Metro is proposing to build a soccer stadium at the fairgrounds to be financed by $225 million in revenue bonds and general obligation bonds. Revenue bonds are paid off by the revenue generated by the project. That is the way we finance the building of public parking garages, convention centers, and sports stadiums. One thing the public should keep in mind is that if the revenue is insufficient to pay for the bonds, the bonds become a general obligation of the city. If the city should get a soccer franchise and then five years down the road we should lose the franchise, what happens?
There are ways to mitigate the risk to the taxpayers. One way the risk is mitigated is by partnering with private developers who will also be at risk. The greater the investment by the private sector, the less risk the public carries. Other options are bonds that insure against failure. Other factors that need to be addressed upfront is who is responsible for upkeep and modernization. Some cities lose a franchise when a team leaves a city because the city will not upgrade a facility to the satisfaction of the team owners. All deals like this carry risk to the tax payers but some deals are much worst than others. The details can matter.

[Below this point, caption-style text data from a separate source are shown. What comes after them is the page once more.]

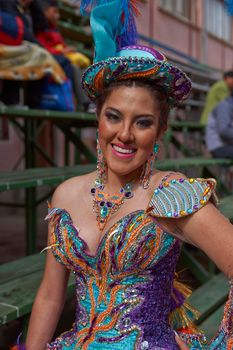 ORURO, BOLIVIA - FEBRUARY 25, 2017: Female Morenada dancers in colourful costumes parading through the mining city of Oruro on the Altiplano of Bolivia during the annual Oruro Carnival.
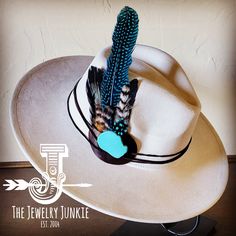 If you’re looking for the perfect accessory to complement your favorite boho style, look no further. This Boho-Style Western Felt Hat w/ Natural Feather & Turquoise Hat Accent by The Jewelry Junkie is absolutely everything that you need. Not only is it easy to incorporate into any and all outfits, but the genuine leather and natural feathers of the band immediately elevate whatever it is you’re wearing. One Size Hat with adjustable inner hat liner (see last photos) The same primary feathers will Blue Wide Brim Bohemian Felt Hat, Blue Bohemian Wide Brim Felt Hat, Bohemian Blue Wide Brim Felt Hat, White Bohemian Hat, White Bohemian Felt Hat For Rodeo, Blue Bohemian Felt Hat For Festival, Bohemian Blue Fedora With Flat Brim, Bohemian White Fedora Felt Hat, Bohemian White Felt Hat With Flat Brim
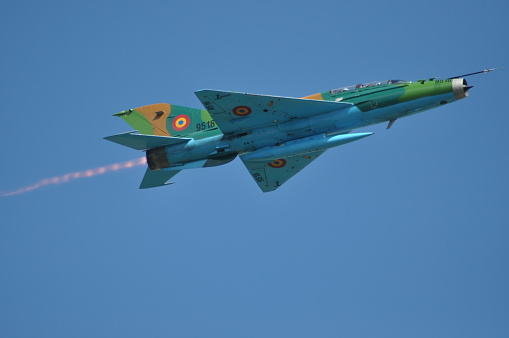 Cluj Napoca, Romania - May, 17, 2013: MIG 21 LANCER fighter plane performs a demonstration flight on the Romanian Air Fest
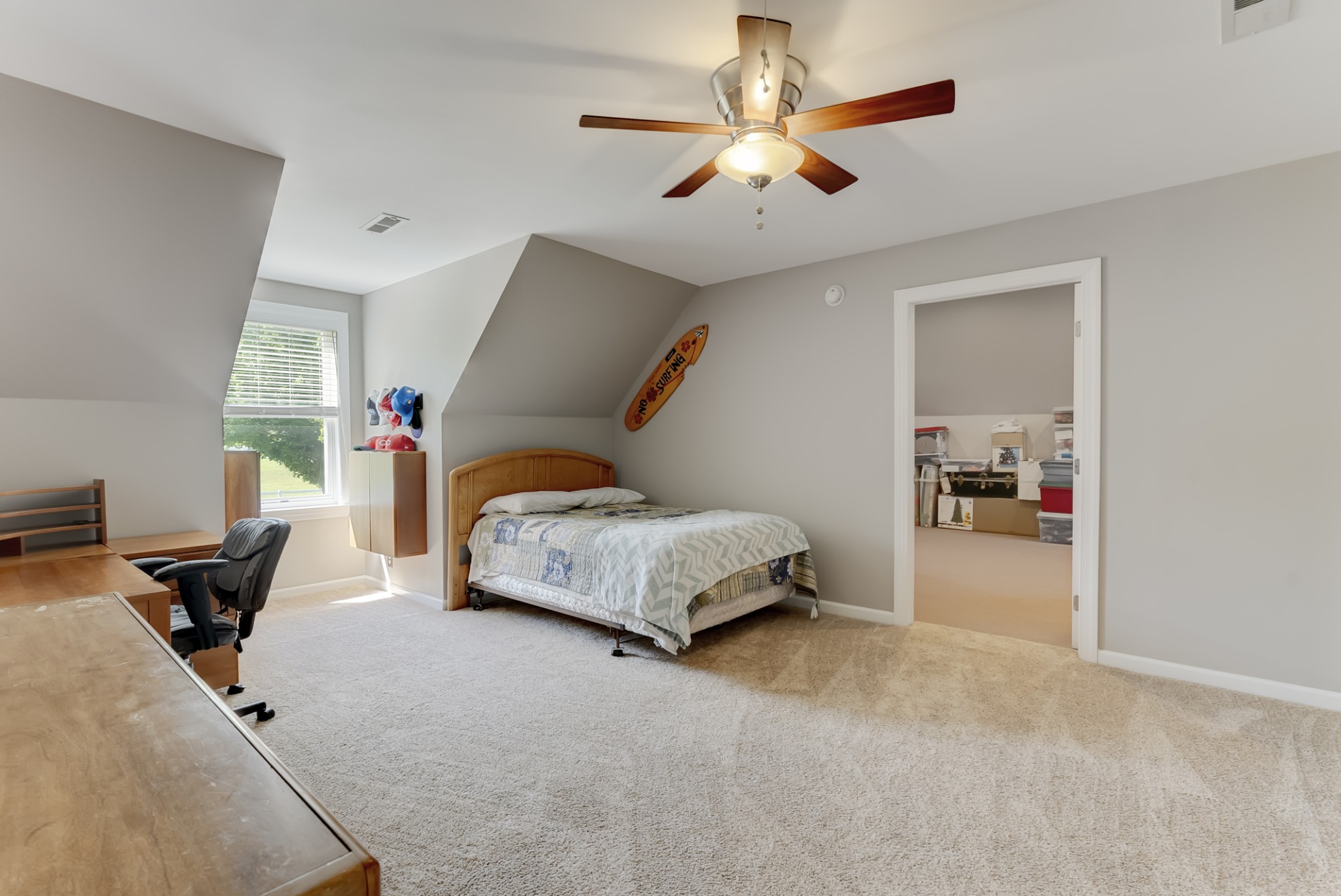 1446 Kittrell Road Franklin, TN 37064 - Photo 34 of 71 a bedroom with a bed and a chandelier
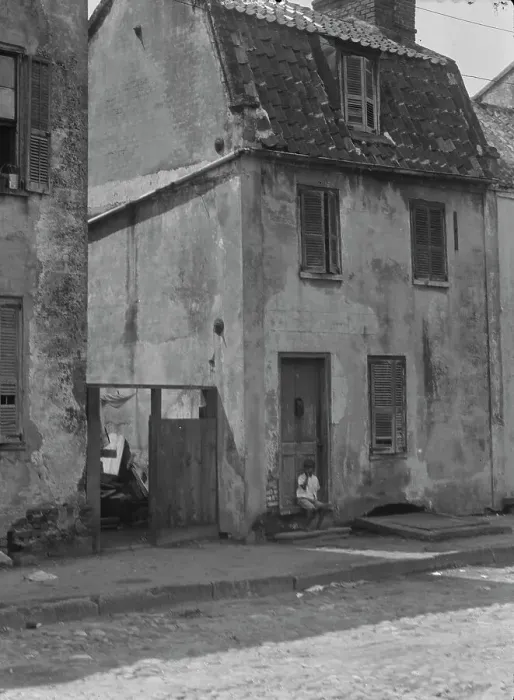 Framed Print : Boy sitting in the doorway of a two-story building, [17 Chalmers Street], Charleston... c1920-c1926 Creator: Arnold Genthe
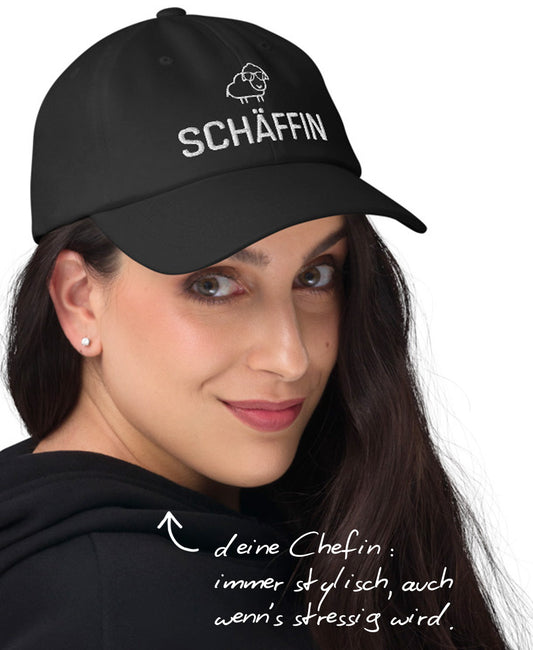 Frau mit schwarzer Schäffin Cap und Hinweis: ‚deine Chefin: immer stylisch, auch wenn’s stressig wird.’
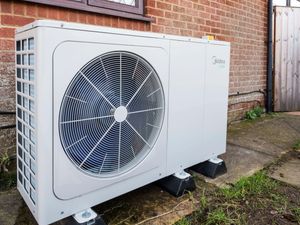 A heat pump outside a house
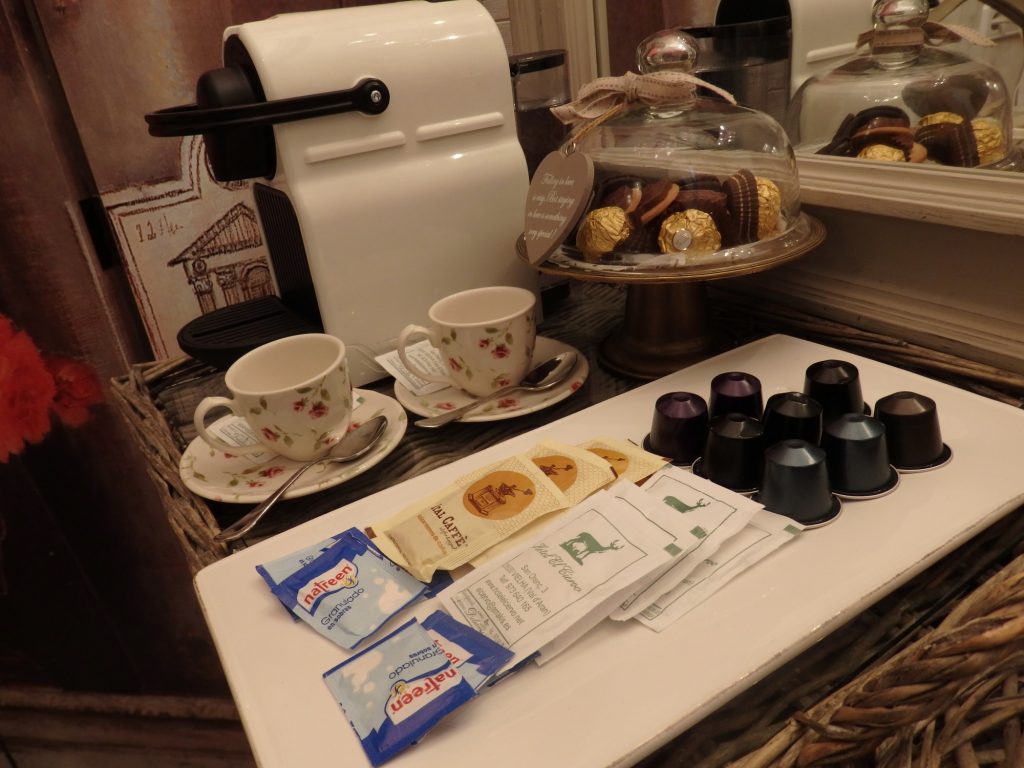 the coffee machine and sweets that welcomed us to our room at Hotel El Ciervo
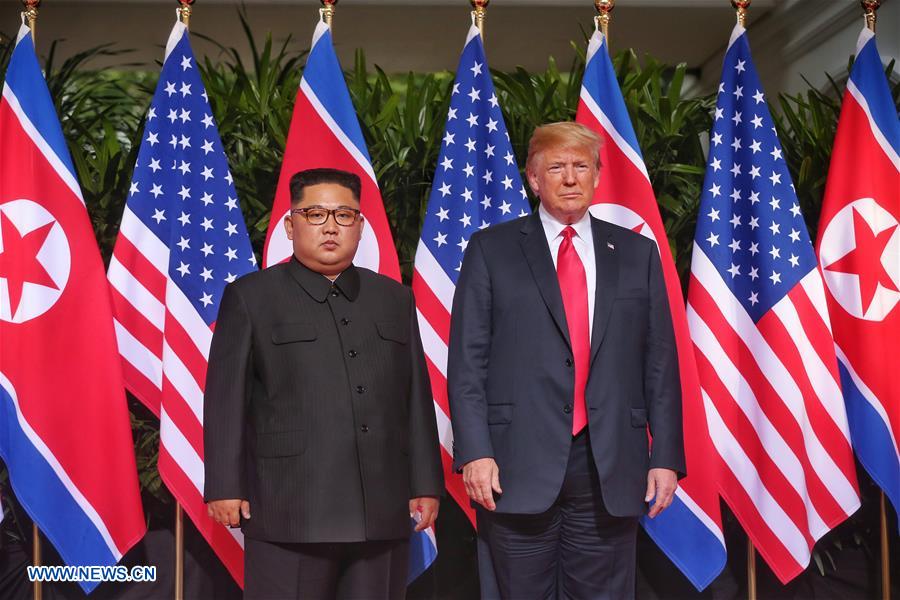 Poignée de main Kim-Trump avant le sommet historique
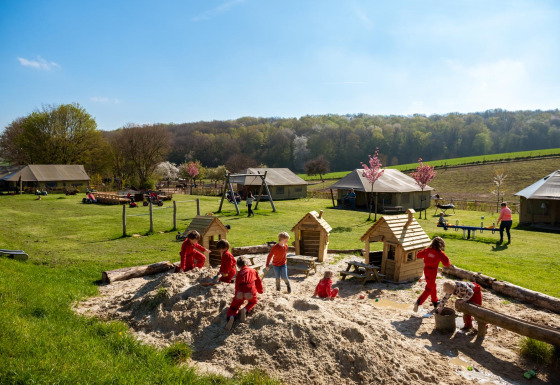 Niños juegan en una gran caja de arena en FarmCamps De Verloren Kost, con prados y tiendas al fondo.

If you really want to get into the weeds on the soccer stadium issue, a good place to start is by reading the resolutions and watching this meeting of the Budget and Finance Committee. For more details you may want to watch the special meeting of the Sports Authority at this link.
Watching committee meetings also informs you of which council members ask probing intelligent questions. While not everyone is on the Budget and Finance Committee and only committee members can vote, any member may attend meetings of the committee and participate. The real work of the council is done in committees. Unfortunately the sound quality in this video is not that great at the start of the video but it gets better a few minutes in.